**What you are asked to do**
Print the records exactly as written, and let no picture into the answer.
==== Records for the task
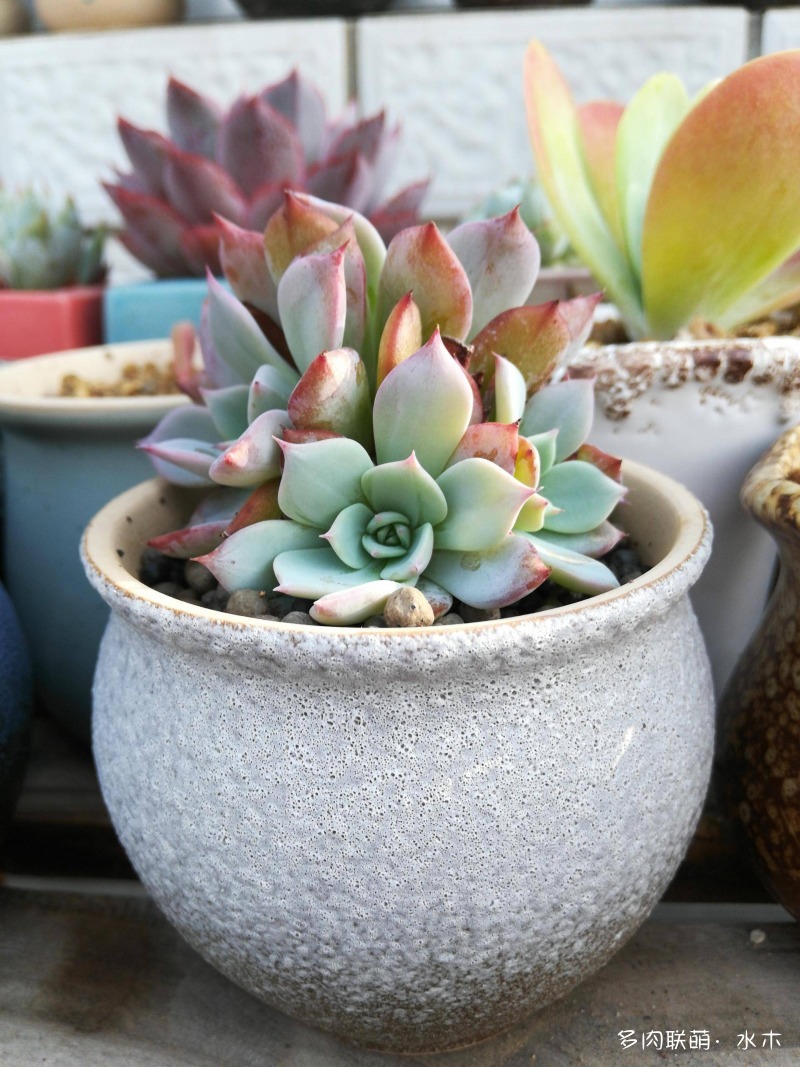 这才是多肉夏天该有的样子,多肉短期内颜值最高的时刻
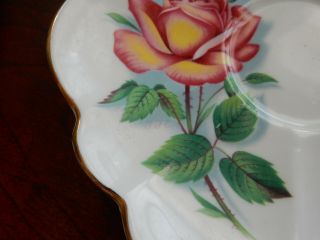 RETRO Artist Signed Vintage Shelley England Big Roses Cup & Saucer Bone China 7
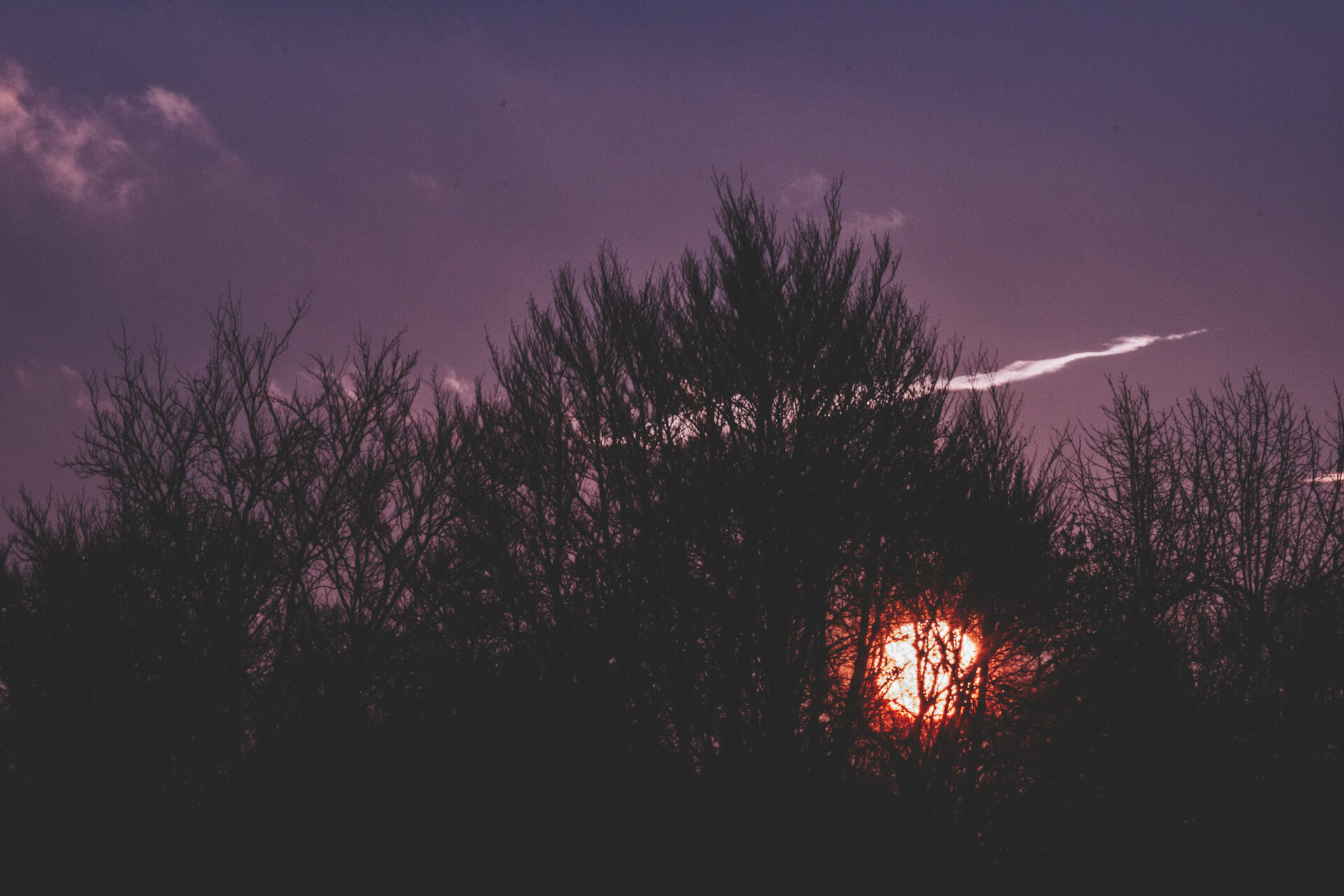 20260107_Luebeck_00000000027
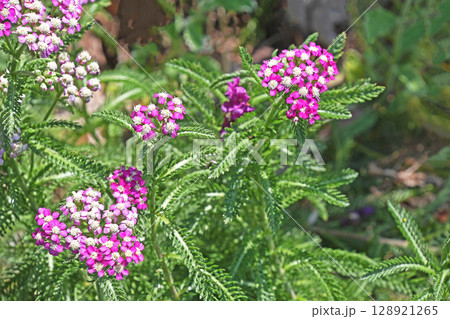 セイヨウノコギリソウ（西洋鋸草） 128921265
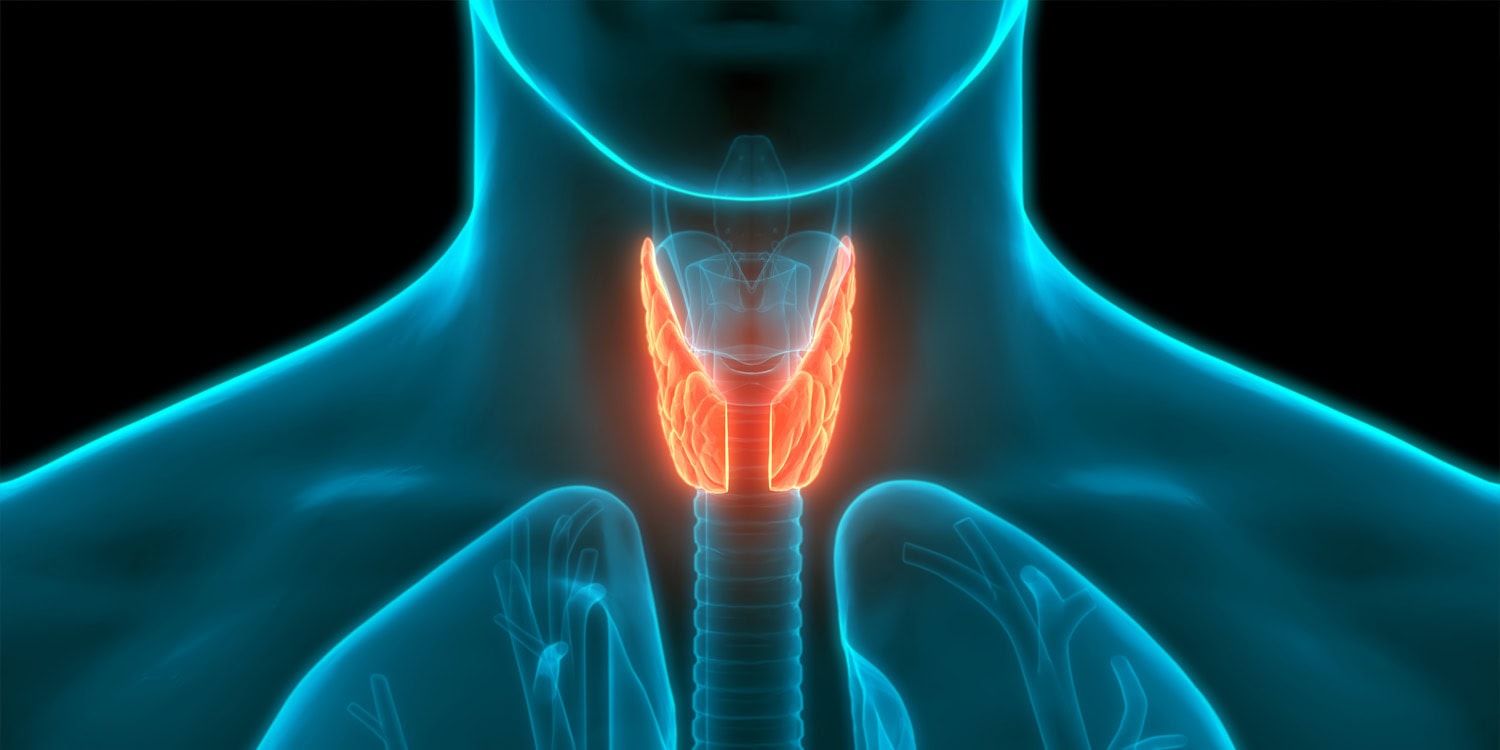 Featured image for Thyroid Hormones Found Crucial in Fear Memory Formation
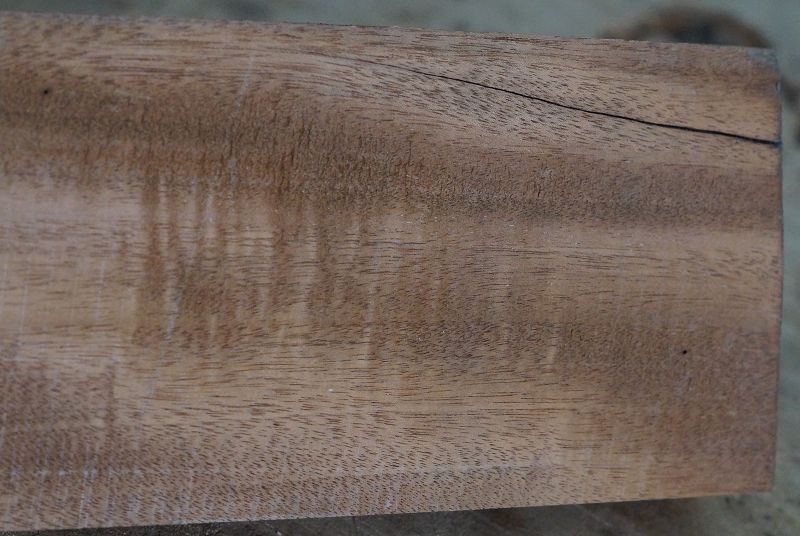 Halsrohling Swietenia 210823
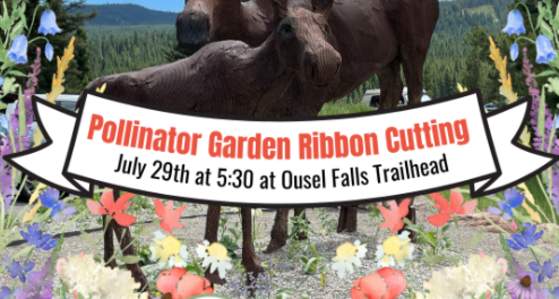 Pollinator Garden Ribbon Cutting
========
**Finished exercise**
 这才是多肉夏天该有的样子,多肉短期内颜值最高的时刻
 RETRO Artist Signed Vintage Shelley England Big Roses Cup & Saucer Bone China 7
 20260107_Luebeck_00000000027
 セイヨウノコギリソウ（西洋鋸草） 128921265
 Featured image for Thyroid Hormones Found Crucial in Fear Memory Formation
 Halsrohling Swietenia 210823
 Pollinator Garden Ribbon Cutting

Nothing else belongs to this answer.